While luminaries like Fred Wilson, Marc Andreessen and Bill Gurley blog, speak, and tweetstorm about the burn rates of well-funded startups, there is a scrappiness and resourcefulness that is inherent to the Midwest. This has led to an upward trend in entrepreneurially minded technical and creative freelancers, fueling further possibility within the capital city and Cincinnati. I’d argue that it is not only working for area startups; Columbus’ scrappiness is fueling job creation and reinvigoration.

You see it in local startups and innovation havens like Tixers, CoverMyMeds, Mission Coffee, The Salt Mines, Seen Moment, and Print Syndicate. Columbus and Cincinnati also have well-established, mid-market businesses like Homage, Uncrate and Rogue, which have proven themselves by legitimate, lasting traction.

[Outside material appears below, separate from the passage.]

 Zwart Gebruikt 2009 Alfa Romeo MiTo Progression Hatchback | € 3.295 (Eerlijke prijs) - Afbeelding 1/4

You could say that startups like Palo Alto’s Bevel and San Francisco’s Chubbies would fit well in Ohio. Generating revenue on day one isn’t a foreign thought in Columbus, it’s a necessity.

Columbus is not just a university and a corn field. According to Forbes, “Modern Columbus has emerged as a technologically sophisticated city.” As the city continues to achieve critical mass, you may see it emerge as a model for how institutional capital is allocated among young, viable startups and a template for how startups grow lean and efficiently.

Meanwhile, startups here will continue to build as though the only way to win is by doing it the scrappy, Midwestern way.